Hoewel dit nieuwe onderzoek niet leidt tot een nieuwe toetsing van het belang van de Unie, zij opgemerkt dat de verwachte schommeling van het te betalen recht per ton voor de gebruikers in 2020 veel minder problematisch zou zijn dan het in 2000 was. De in 2000 vastgestelde compenserende rechten waren namelijk niet alleen hoger (tot 8,2 % en 13,9 % in 2005, toen Dhunseri begon met uitvoer), maar werden ingesteld samen met antidumpingrechten, in combinatie waarmee de rechten van 30 % tot 44,3 % bedroegen.

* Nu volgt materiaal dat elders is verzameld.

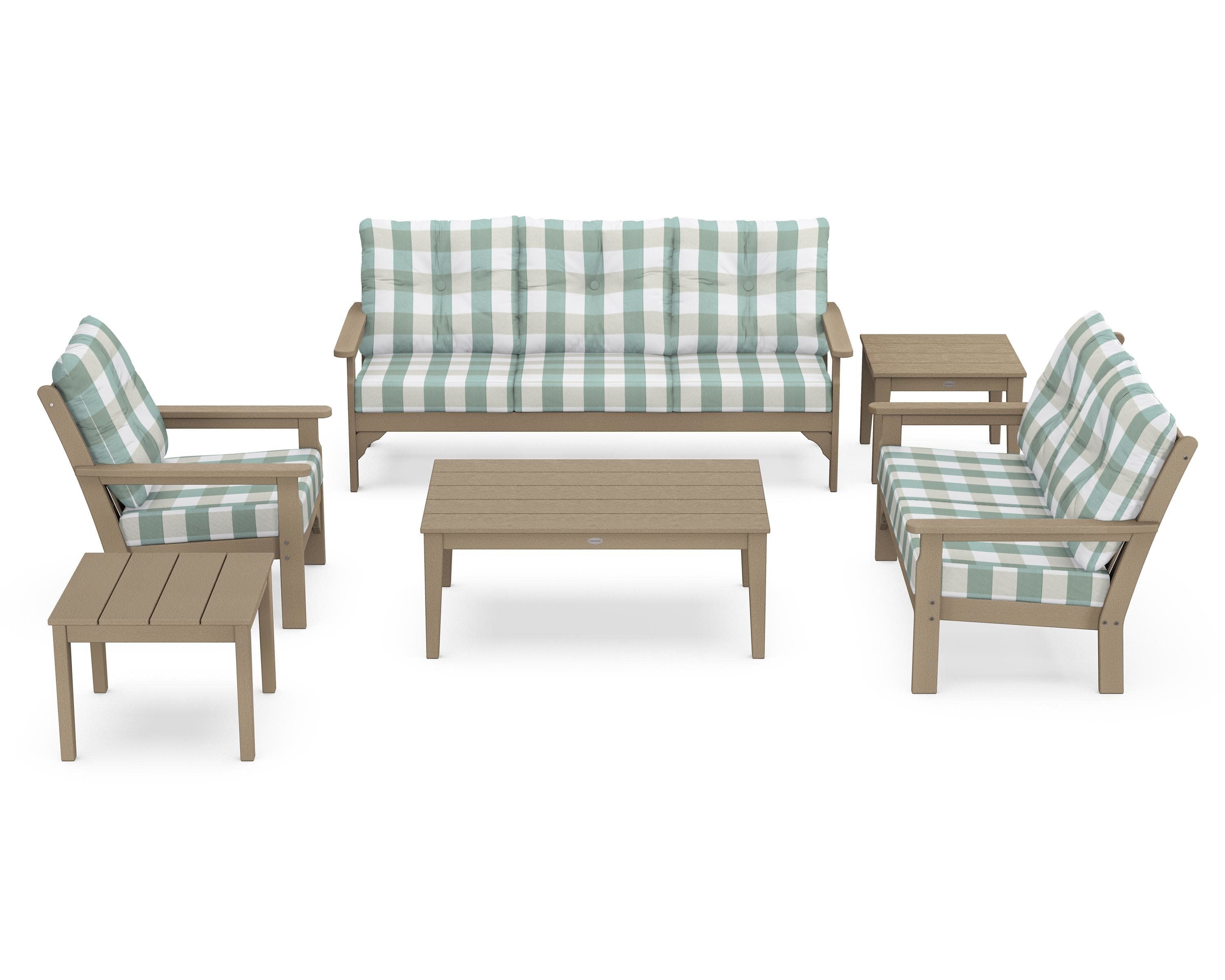 Vineyard 6-Piece Deep Seating Set in Vintage Sahara / Buffalo Plaid Glacier Spa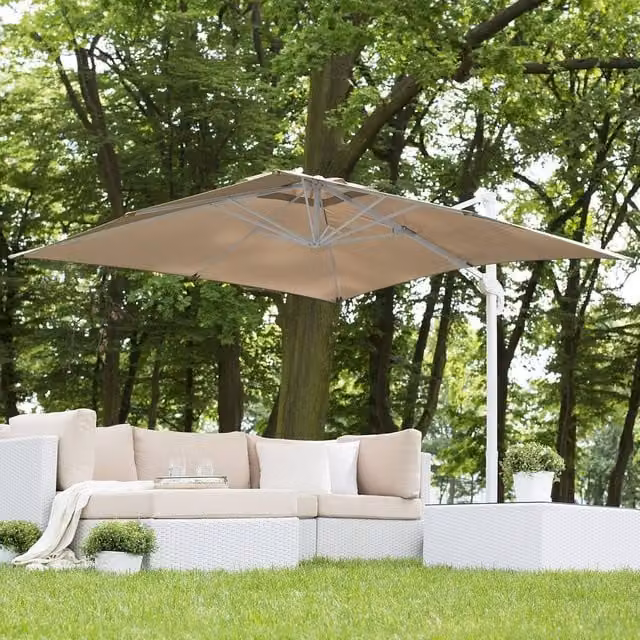 Wyld and Coco Cantilever Garden Parasol with Sand Beige Polyester Canopy and White Steel Pole, Height: 235 cm – 1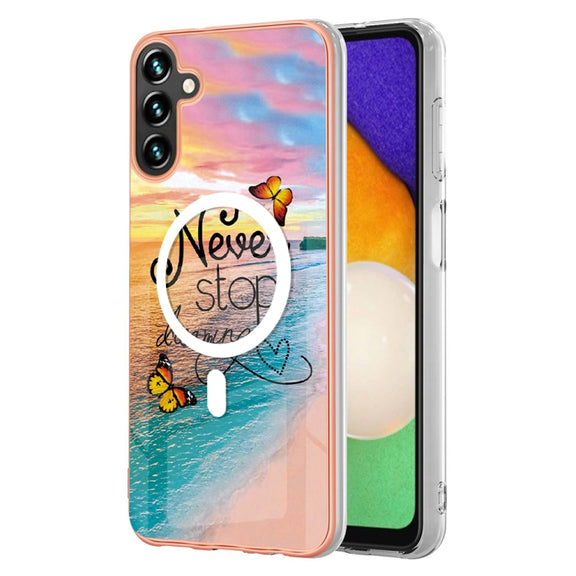 For Samsung Galaxy A34 5G Marble Pattern Dual-side IMD Magsafe TPU Phone Case(Dream Butterfly)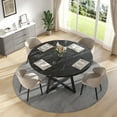 thumbnail image 3 of PAPROOS Round Dining Table, 43'' Faux Marble Dining Table with Storage Shelf, Circle Dining Table for Dining Room, Modern Kitchen Table for 4 People, Black(Only Table), 3 of 8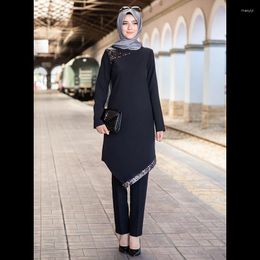 Women's Two Piece Pants Muslim Suit Set Banquet Arab Tops Shirts For Women Sets Long Sleeve Top Womens Trendy Clothes Shirt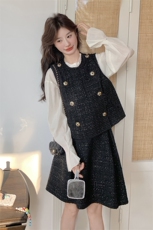 【2025春款】法式小香风马甲+短裙套装088-7711p165k228，女装套装/套裙，2C088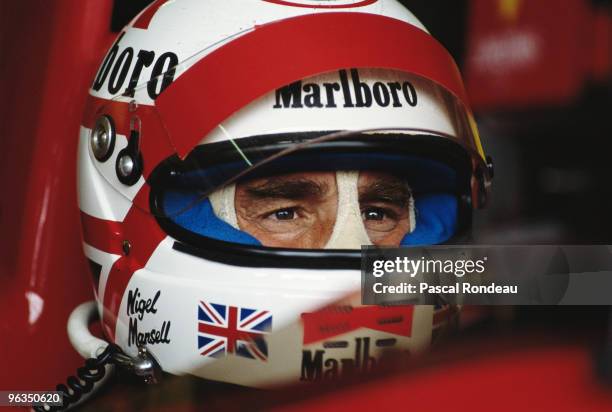 Nigel Mansell, driver of the Scuderia Ferrari 640 during practice for the Japanese Grand Prix on 21st October 1989 at the Suzuka Circuit in Suzuka...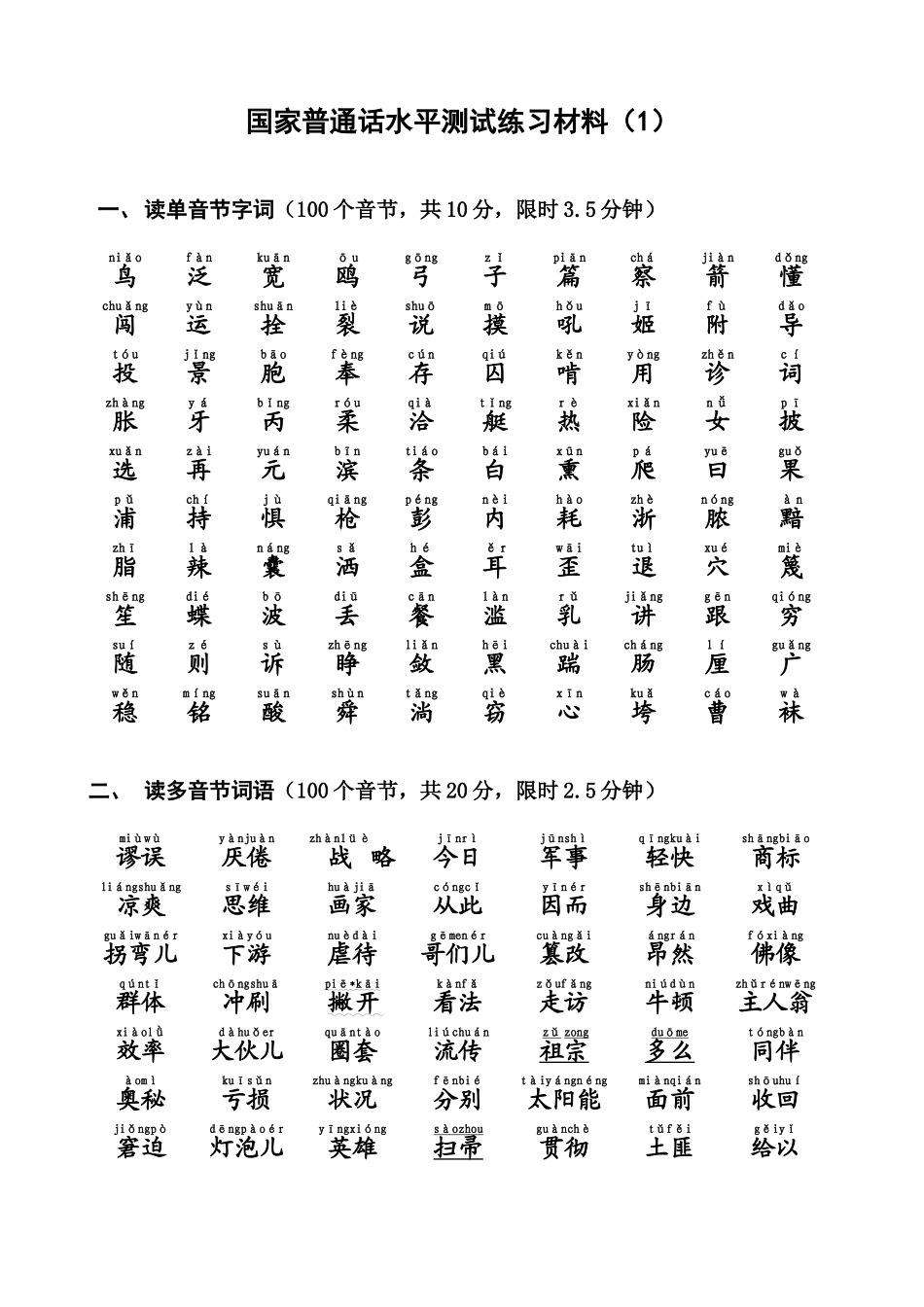 国家普通话水平测试练习材料(2)_第1页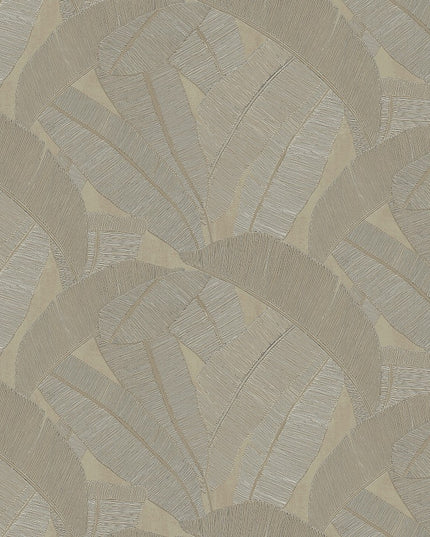 RIC206 Masureel Serica Banyan - Dit behang is uitgevoerd in zachte beige- en grijstinten met subtiele accenten van lichtgroen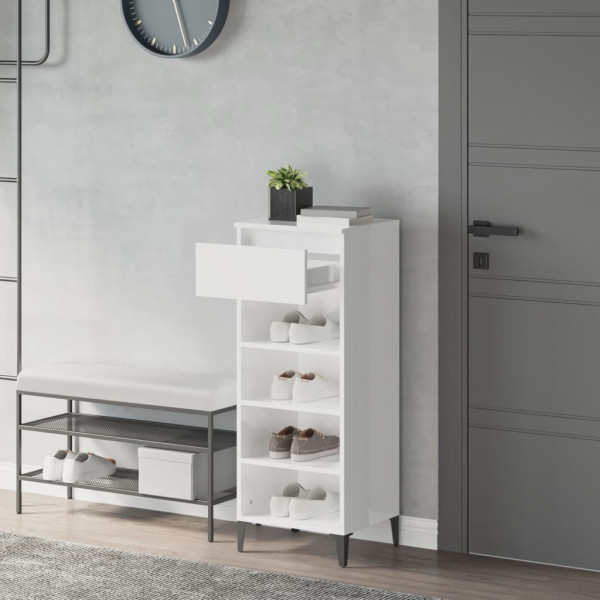 Mueble zapatero madera contrachapada blanco brillo 40x36x105 cm M 3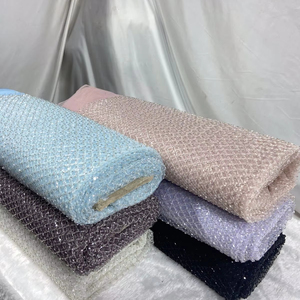 Tissu georgette en viscose avec perles lourdes et matériau tricoté en tulle entièrement brodé idéal pour les robes de mariée - Product Image 2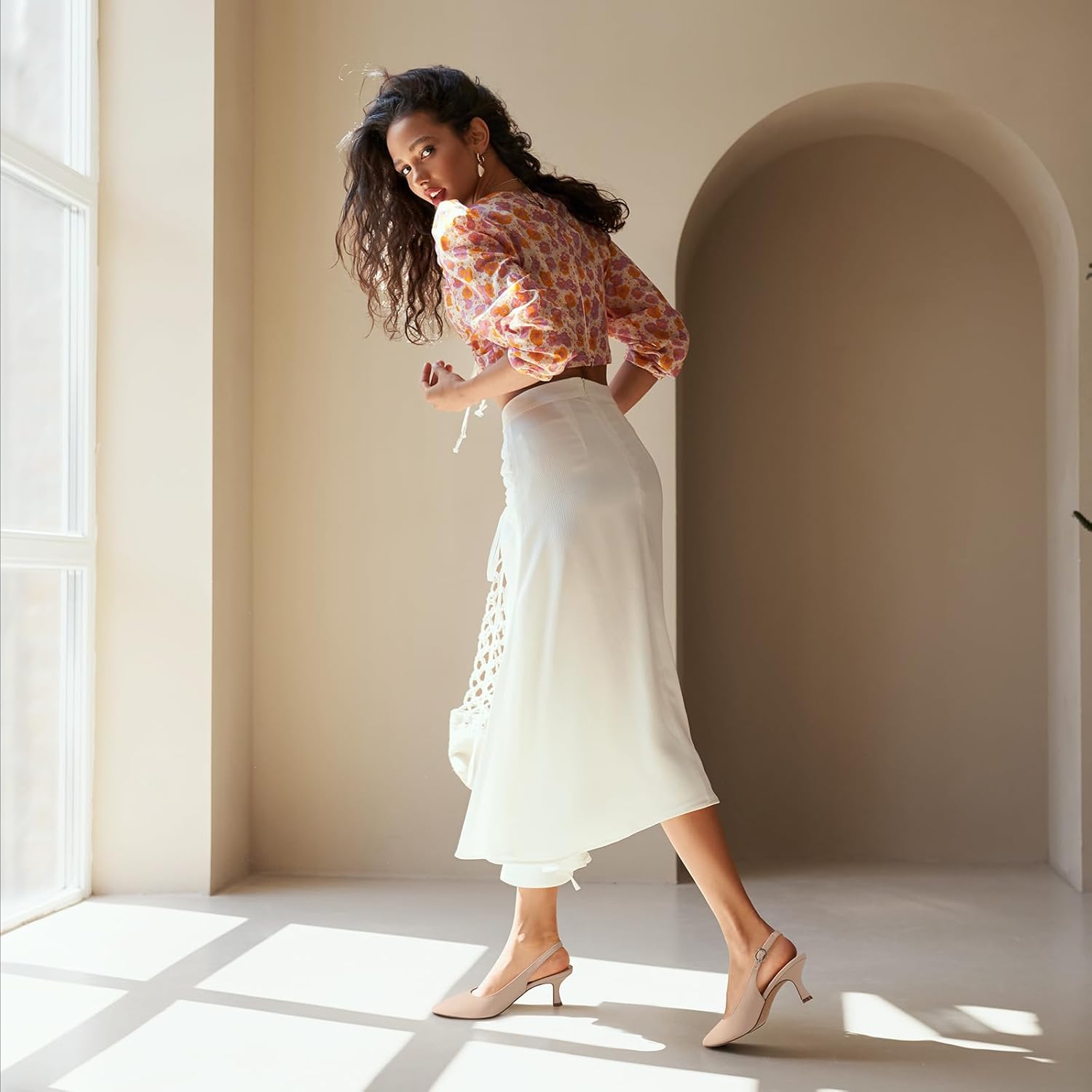 Ankis Women's Slingback Kitten Heels Closed Pointed Toe Pumps Dress Shoes Party Wedding Casual 2.5inch - Image 3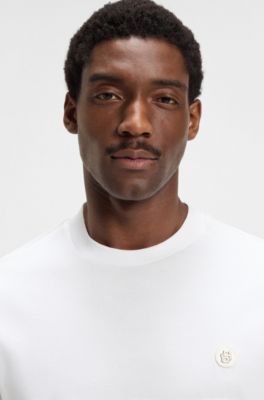 T-shirt Regular en coton avec monogramme Double&nbsp;B, Blanc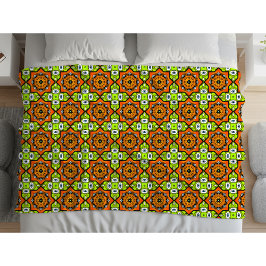Kleurrijk geometrisch mandala patroon  fleece deken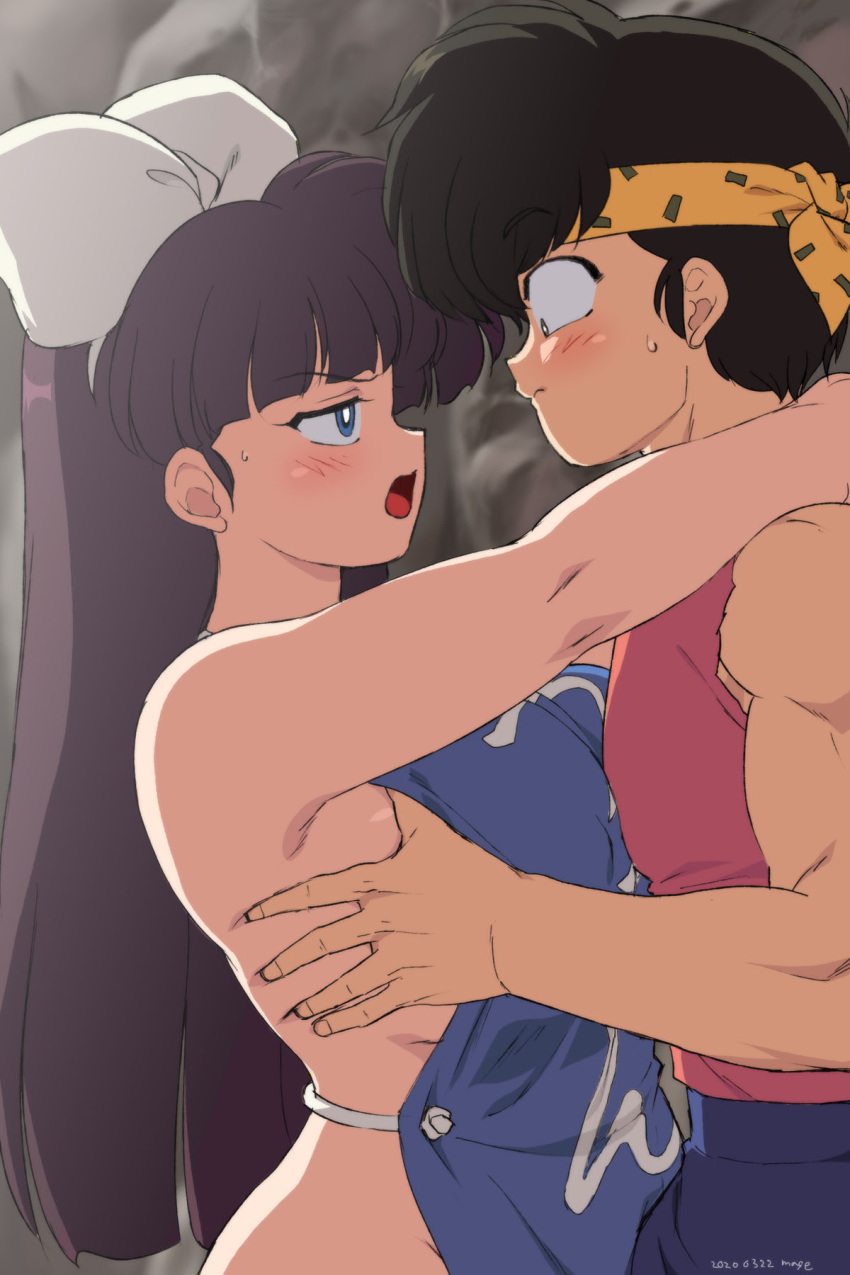 1boy 1girls apron armpits bangs bare_shoulders blue_eyes blunt_bangs blush bow breast_grab breast_press breasts brown_hair closed_mouth clothing eye_contact eyebrows_visible_through_hair female from_side grabbing hair_ribbon hairbow headband hi_res hug huge_breasts large_breasts long_hair looking_at_another mage_(harumagedon) naked_apron open_mouth outdoors ranma_1/2 ribbon ryoga_hibiki sideboob sleeveless standing sweatdrop ukyo_kuonji upper_body white_bow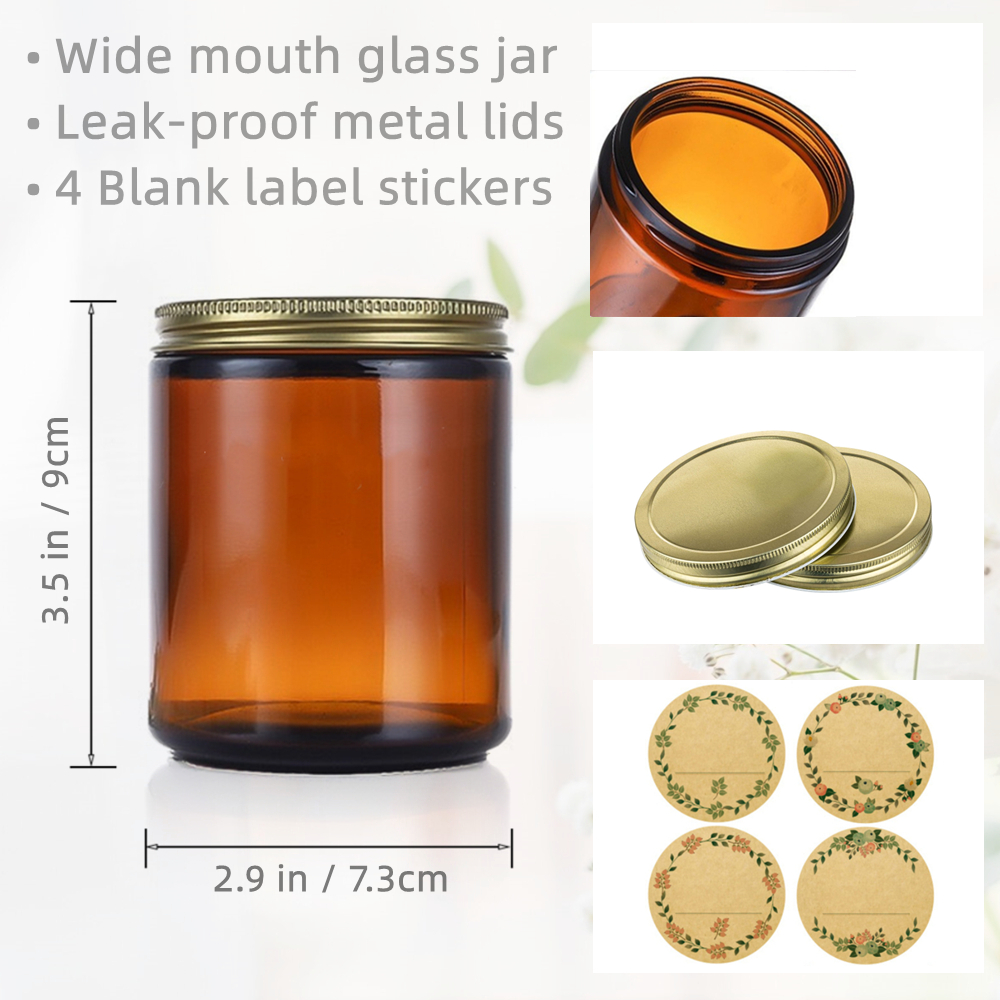 Empty Candle Jars, 8oz Amber G - Candle Supplies Glass Jars 리뷰 및 가격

Bijgevolg zou een plotselinge stijging van de petprijzen per ton voor de gebruikers veel problematischer zijn geweest. Het hoogste ad‐valoremrecht dat momenteel op het merendeel van de huidige invoer van toepassing zou zijn, zou daarentegen slechts tot 4 % bedragen.

(44)

In zijn opmerkingen over de mededeling van de definitieve bevindingen stelde de producent-exporteur dat de olieprijzen na 2014, en nog meer in 2020, volatiel bleven. Volgens de producent-exporteur heeft de Commissie in de mededeling van feiten en overwegingen vastgesteld dat de olieprijzen sinds 2014 stabiel zijn en dat deze stabiliteit de wijziging van de maatregel in ad‐valoremrechten rechtvaardigt. Volgens de producent-exporteur is de wijziging van de maatregel in ad‐valoremrechten op grond van het argument van de Commissie dat de prijzen van ruwe aardolie stabiel zijn gebleven, ongerechtvaardigd.

(45)

De Commissie merkt op dat deze opmerking haar standpunt over de schommelingen van de olieprijzen en het effect daarvan op de conclusies van dit nieuwe onderzoek vertekent. Zoals vermeld in overweging 35, heeft de Commissie duidelijk erkend dat de prijzen van pet en ruwe olie na het laatste onderzoek in verband met het vervallen van de maatregelen in 2014 bleven schommelen. Zoals ook is vermeld in overweging 58, meent de Commissie dat een ad‐valoremrecht passender is om een subsidie die varieert naargelang de prijs van pet en ruwe olie, nauwkeurig te compenseren. Het argument is daarom afgewezen.

(46)

Deze wijziging van de omstandigheden is van blijvende aard. Dit werd bevestigd in de verordening van 2018, waarin werd vastgesteld dat de aard en de prevalentie van de twee belangrijkste regelingen (DDS en MEIS) van blijvende aard waren (22).

(47)

In haar opmerkingen over de mededeling van de definitieve bevindingen stelde de Indiase overheid dat de bewering van de Commissie dat bepaalde wijzigingen van blijvende aard waren, onjuist was. Zij wees erop dat dit met name het geval was voor de prijzen van ruwe olie, die onder de prijzen van 2000 lagen.

(48)

Wat de schommelingen van de prijzen van ruwe olie betreft, het enige voorbeeld van een onjuiste beoordeling van de blijvende aard van de wijziging van de omstandigheden die de Indiase overheid heeft aangevoerd, heeft de Commissie haar in overweging 45 geformuleerde argumenten herhaald. Het argument is daarom afgewezen.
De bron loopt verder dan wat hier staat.